The general consensus is that any and every organisation that collects your personal data should be subject to the rules in the Bill.

Also, it is not easy in some ­circumstances to draw a line between commercial and non-commercial transactions, said Foong at Lee, Hishammuddin, Allen & Gledhill.

He and Tong pointed out that according to the Bill, information collected by federal and state governments is not subject to the ­stipulations provided for.

“What if the Selangor State Development Corporation (PKNS) forms a business joint venture with the Government.

“PKNS, created under the Selangor State Development Corporation Enactment, 1964, means it should be treated as a separate legal entity,” said Foong.

“But it is not clear whether or not PKNS in such a situation would be bound by the data protection rules in the Bill. A ­similar ­predicament arises with any other local ­authority, statutory body, or state corporate entity.”

Also, the fact that the Bill exempts the Government from personal data protection rules should be of great concern to everyone, he said. “The Government is the biggest ­collector of personal data – from the time we are born to the day we die.”

Foong believes the Government should play its role as the ­protector of the personal ­information of its citizens.

He said the Government has stated that it has its own mechanism for protecting the ­personal data of its citizens. But it has not revealed if the mechanism is as extensive as that set down in the Bill for the handling of personal data.

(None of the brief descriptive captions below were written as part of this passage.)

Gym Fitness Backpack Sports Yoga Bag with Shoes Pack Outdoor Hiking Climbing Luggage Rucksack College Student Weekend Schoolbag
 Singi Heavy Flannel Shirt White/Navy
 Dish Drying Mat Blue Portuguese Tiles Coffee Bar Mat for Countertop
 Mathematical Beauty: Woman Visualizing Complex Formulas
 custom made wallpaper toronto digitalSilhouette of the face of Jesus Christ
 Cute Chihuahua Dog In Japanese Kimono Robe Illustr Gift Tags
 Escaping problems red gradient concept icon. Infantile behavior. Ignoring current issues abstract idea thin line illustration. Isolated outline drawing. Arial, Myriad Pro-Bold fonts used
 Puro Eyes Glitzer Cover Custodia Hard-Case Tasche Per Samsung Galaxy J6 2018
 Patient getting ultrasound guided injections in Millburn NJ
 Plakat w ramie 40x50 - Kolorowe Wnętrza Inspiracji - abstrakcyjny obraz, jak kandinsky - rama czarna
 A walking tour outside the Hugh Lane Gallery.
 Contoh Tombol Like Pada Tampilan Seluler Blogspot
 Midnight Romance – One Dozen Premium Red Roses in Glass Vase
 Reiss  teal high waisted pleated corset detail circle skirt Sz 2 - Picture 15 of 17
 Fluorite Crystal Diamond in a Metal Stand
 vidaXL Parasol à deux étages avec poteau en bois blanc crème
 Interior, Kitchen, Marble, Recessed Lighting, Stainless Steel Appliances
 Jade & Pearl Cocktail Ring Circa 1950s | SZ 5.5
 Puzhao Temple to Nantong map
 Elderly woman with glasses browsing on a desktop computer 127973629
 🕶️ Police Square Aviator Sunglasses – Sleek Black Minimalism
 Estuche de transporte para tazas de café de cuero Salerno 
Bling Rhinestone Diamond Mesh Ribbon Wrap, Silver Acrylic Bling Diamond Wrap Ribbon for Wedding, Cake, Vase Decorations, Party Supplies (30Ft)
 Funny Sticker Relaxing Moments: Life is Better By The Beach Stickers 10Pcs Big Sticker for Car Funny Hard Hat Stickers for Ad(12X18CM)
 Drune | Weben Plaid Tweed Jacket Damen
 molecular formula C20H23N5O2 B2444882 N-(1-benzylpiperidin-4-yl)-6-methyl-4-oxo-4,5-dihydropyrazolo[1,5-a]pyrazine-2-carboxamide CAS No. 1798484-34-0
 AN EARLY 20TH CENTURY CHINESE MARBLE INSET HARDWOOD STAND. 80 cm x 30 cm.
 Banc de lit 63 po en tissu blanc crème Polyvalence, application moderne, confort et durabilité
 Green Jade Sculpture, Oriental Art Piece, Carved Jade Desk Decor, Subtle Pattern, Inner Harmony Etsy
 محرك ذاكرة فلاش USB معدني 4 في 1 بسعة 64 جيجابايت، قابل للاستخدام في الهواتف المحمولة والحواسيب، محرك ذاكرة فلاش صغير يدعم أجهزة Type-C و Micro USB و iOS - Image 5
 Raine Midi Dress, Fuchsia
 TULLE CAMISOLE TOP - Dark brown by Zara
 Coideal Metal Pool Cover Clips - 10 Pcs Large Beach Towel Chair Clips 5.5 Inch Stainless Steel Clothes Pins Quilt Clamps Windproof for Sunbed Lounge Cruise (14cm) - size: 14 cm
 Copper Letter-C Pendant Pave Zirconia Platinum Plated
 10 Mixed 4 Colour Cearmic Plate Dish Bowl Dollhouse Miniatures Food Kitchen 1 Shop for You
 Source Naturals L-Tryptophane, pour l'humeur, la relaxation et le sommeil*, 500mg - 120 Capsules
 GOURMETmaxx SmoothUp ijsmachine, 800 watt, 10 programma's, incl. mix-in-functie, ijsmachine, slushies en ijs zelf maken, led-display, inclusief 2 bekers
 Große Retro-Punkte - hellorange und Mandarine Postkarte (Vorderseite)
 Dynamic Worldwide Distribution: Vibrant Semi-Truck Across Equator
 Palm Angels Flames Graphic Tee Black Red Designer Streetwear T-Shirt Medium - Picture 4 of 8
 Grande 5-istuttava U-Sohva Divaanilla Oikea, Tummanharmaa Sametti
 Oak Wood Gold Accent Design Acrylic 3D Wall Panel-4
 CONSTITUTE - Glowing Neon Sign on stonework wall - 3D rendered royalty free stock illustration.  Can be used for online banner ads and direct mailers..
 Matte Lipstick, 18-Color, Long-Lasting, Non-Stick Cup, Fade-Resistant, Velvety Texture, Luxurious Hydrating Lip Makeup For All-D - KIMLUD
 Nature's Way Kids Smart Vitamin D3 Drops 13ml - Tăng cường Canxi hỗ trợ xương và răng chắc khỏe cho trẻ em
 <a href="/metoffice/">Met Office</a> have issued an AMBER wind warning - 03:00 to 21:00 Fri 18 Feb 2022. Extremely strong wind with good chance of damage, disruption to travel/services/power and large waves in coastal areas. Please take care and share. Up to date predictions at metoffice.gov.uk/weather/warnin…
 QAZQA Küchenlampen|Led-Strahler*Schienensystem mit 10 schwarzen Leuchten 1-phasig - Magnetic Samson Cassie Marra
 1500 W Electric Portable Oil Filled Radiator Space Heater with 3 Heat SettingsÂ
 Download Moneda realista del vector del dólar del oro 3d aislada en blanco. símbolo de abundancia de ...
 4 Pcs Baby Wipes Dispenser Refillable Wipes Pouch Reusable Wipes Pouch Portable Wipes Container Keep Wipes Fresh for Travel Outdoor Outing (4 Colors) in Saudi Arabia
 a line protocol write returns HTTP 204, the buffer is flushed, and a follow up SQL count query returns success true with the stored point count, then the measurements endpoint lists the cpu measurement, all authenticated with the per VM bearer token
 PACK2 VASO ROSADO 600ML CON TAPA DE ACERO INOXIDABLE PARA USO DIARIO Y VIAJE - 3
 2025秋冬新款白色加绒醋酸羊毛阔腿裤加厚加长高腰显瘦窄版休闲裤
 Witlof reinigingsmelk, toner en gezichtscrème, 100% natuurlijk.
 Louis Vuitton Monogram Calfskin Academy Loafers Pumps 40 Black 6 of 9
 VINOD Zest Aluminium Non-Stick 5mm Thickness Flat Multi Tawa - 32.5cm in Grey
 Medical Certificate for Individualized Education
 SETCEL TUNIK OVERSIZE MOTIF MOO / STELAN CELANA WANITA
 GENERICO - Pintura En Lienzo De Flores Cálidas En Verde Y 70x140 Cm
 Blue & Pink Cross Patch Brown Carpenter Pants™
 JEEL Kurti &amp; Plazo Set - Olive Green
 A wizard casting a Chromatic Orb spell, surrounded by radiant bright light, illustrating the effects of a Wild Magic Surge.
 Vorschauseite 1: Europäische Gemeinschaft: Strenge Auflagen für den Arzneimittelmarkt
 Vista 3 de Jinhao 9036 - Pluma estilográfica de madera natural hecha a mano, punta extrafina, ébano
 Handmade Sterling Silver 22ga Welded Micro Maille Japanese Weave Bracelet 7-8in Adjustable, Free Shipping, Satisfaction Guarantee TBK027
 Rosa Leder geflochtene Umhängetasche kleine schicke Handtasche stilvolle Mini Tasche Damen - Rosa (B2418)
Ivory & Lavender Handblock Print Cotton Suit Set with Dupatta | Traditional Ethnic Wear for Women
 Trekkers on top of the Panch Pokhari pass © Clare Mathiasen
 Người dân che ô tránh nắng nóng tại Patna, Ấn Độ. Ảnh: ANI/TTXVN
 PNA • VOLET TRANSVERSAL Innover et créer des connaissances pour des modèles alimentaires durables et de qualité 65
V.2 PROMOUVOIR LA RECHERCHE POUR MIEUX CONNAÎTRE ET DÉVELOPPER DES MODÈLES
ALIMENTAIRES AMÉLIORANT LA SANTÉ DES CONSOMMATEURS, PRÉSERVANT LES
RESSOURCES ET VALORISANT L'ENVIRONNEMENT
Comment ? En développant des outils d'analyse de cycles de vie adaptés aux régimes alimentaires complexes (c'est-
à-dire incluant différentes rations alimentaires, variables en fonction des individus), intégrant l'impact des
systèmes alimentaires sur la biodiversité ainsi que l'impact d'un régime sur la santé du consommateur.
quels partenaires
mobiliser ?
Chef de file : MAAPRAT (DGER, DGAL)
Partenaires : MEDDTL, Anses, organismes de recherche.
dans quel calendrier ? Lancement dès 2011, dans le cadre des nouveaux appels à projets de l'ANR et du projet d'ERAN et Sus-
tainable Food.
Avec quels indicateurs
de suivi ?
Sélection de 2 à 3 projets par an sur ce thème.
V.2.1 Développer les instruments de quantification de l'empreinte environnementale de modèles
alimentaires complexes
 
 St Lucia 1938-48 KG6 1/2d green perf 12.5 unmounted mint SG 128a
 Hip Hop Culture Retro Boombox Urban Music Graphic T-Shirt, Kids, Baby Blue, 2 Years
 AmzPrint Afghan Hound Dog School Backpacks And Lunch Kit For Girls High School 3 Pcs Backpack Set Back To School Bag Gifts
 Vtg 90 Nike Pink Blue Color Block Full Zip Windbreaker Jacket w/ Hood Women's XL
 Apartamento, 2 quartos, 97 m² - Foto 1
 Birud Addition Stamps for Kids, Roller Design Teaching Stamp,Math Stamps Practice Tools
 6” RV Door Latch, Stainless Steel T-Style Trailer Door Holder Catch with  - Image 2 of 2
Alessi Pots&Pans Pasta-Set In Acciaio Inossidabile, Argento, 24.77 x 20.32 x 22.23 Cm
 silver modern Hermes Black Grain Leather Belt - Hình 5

The Bill stipulates seven ­principles ­governing the handling of such data – ­covering ­everything from getting permission from the citizen to why the information is needed, to what can be stored, to how long it can be stored, and to how much of it can be shared.

University Malaya’s Abu Bakar ­recommends that the Government develop a set of rules and ­regulations, i.e. a code of ­practice, to protect the personal ­information of the rakyat, or have separate ­legislation to that respect.

Last bit

Despite some shortcomings, the Personal Data Protection Bill 2009 is still a good start towards empowering Malaysians to ­maintain their privacy.

When it becomes law, it will need to be finetuned from time to time so that it provides better protection and does not become antiquated.

So, the next time you get an SMS or phone call in the middle of the night or any other time for a free night’s stay or another ­unsolicited service or product, it could be the other guy that gets the wake-up call.

Note: The Personal Data Protection Act 2009 has received the Royal Assent on June 2, 2010 which now makes it an Act. However, the Act will only take effect when the Government gazettes it.